I'm not sure that P/E compression by itself signifies trading on the fundamentals. Certainly SOMEBODY does when that happens, like our good friend the sage in the early/mid '70s doing his "oversexed guy in a harem" impersonation. But overall I think it's more indicative of the lack of confidence. I guess what I was referring to is some "typical" market where momentum traders are driving various stock and sectors in all kinds of directions (but not as far as the in the '90s) and some Gabelli-like or Lynch-like character gleefully commenting on the kind of opportunities those idiots gave them in the value space. I'm not sure some space cowboys riding C and BAC like wild mustangs on unbelievable volumes quite gets you there.

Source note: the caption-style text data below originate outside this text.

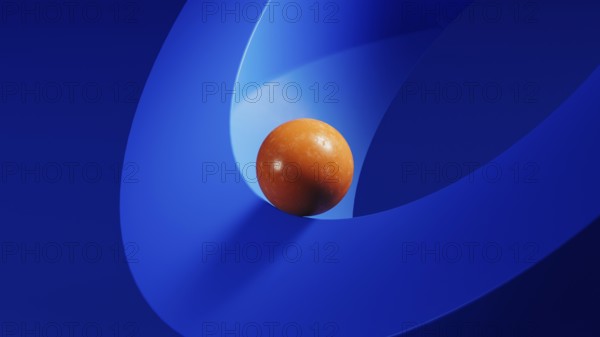 An orange sphere balances on blue geometric forms, creating a striking juxtaposition in an abstract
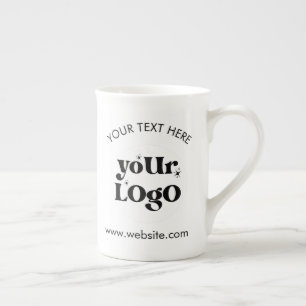 Custom Company Branded Business Logo Bone China Mug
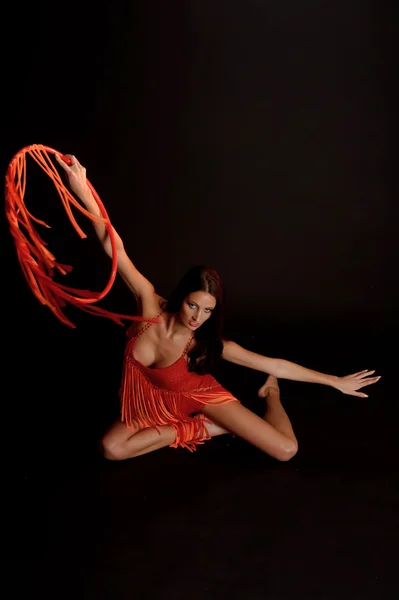 A ginasta com um aro — Fotografia de Stock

Here is more on asset correlations and intraday patterns:
By now, after Zero Hedge has been demonstrating for about a year, even the kitchen sink is aware that cross-asset correlations between stocks, bonds, FX, and commodities is at or near all time highs, which in itself is a very deplorable situation simply because it eliminates virtually all long/short hedging opportunities, courtesy of the Synthetic CDO redux boom whereby most of the trading in stock is conducted via ETFs, as both high beta and low beta, or quality and crap assets all trade as one. But few if anyone was aware of peculiar intraday correlation patterns which may be an eye opener to some readers who believe that stocks are uniformly broken during the day. That is not true: in fact, stocks are only untradeable for the rational investor during the times when the market is most active, around open and close. In fact, in a paper by Michael Bommarito II, "Intraday Correlation Patterns Between the S&P 500 and Sector Indices", we discover that average return correlations have a very distinct U-shape, whereby correlations are near their highs (0.75) just after the open, and before close, while dropping to a statistically significant 0.6 at 1 pm, when volume is the lowest. This merely confirms that increasingly more market participants, read - electronic traders and algos, trade exactly the same strategies at the time when volume is at its peak, indicating that most strategies have nothing to do with actual fundamental investing and all to do with gaming market structure, and hoping to capture some idiot who thinks they can beat the machine. And as we demonstrated recently, many traders no longer trade during the hours between 10am and 3pm. Which means that this is actually a very interesting arb opportunity, for those who wish to take advantage of the machines' downtime, but shorting correlation at open and close, and bidding it up during the day. In fact the trade can be structured as a pair trade with almost no capital downside opportunity.